Amedi
Desde el triunfo de la Revolución en 1959, la desinformación ha sido uno de los instrumentos más eficaces del gobierno cubano para mantenerse en el poder. No se trata solo de mentir, sino de controlar el acceso al conocimiento, impedir la comparación con otras realidades y monopolizar el relato sobre el pasado, el presente y el futuro del país. A lo largo de más de seis décadas, este modelo ha demostrado ser tan decisivo como la represión política o el control económico.
Durante muchos años, el Estado impuso un severo aislamiento informativo y cultural. No se permitía la libre entrada de revistas extranjeras, libros, música ni tecnologías como las videocasseteras.
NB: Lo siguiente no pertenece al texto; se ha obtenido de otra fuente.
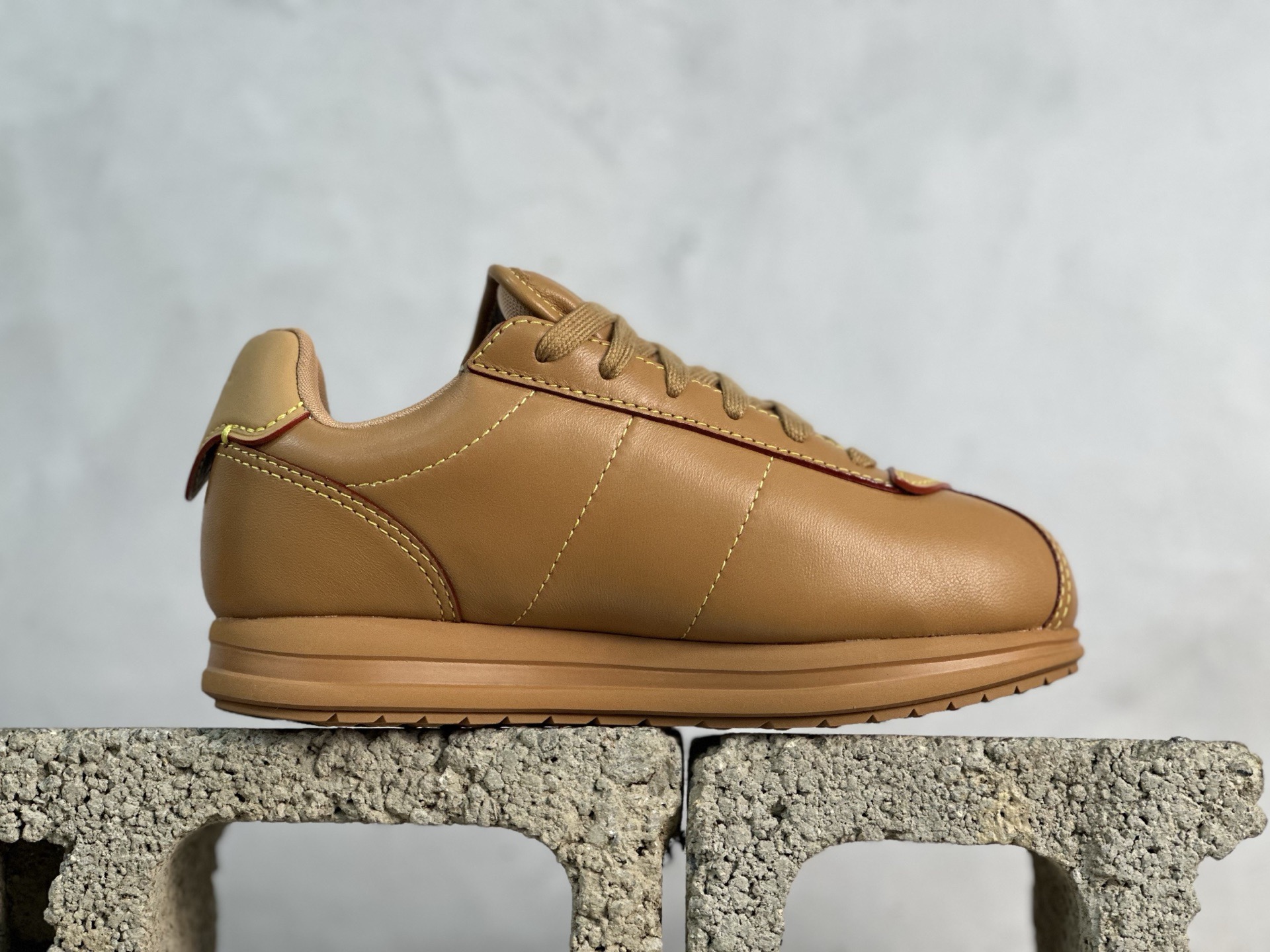 💰380 放店私  M版纯原 Nigo x Louis Vuitton 路易威登 LV Buttersoft 阿甘鞋 低帮休闲面包鞋 全新订单 高端零售外贸充正专供 原版购入开发 全鞋羊皮 牛皮鞋面 ZP级全套包装 完美楦型 正确卡色 大底TPU 质感媲美原版 细节与原版一致 请注意区分市面通货材 尺码：35 36 37 38 39 40 41 42 43 44 45 46 偏大一码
El contacto con extranjeros estaba estrictamente vigilado y, en muchos casos, penalizado. La justificación oficial era la defensa frente a la “penetración ideológica”, pero el verdadero objetivo era evitar que la población tuviera referencias externas que le permitieran cuestionar su propia realidad. Al impedir el contraste, la versión oficial se convertía en la única verdad posible.
En ese contexto, Fidel Castro concentró el control absoluto de la información. A través de interminables discursos, se presentó como la máxima autoridad intelectual y política, manejando datos económicos, científicos y geopolíticos con una imagen de omnisciencia. En ocasiones utilizaba la información para aparentar un conocimiento enciclopédico; en otras, la empleaba de forma casi profética, anunciando acontecimientos futuros que luego afirmaba haber previsto. El caso del derrumbe del campo socialista es emblemático: al no existir acceso a análisis independientes, la población no pudo evaluar si esas predicciones eran reales o reconstruidas a posteriori para reforzar el mito del líder visionario.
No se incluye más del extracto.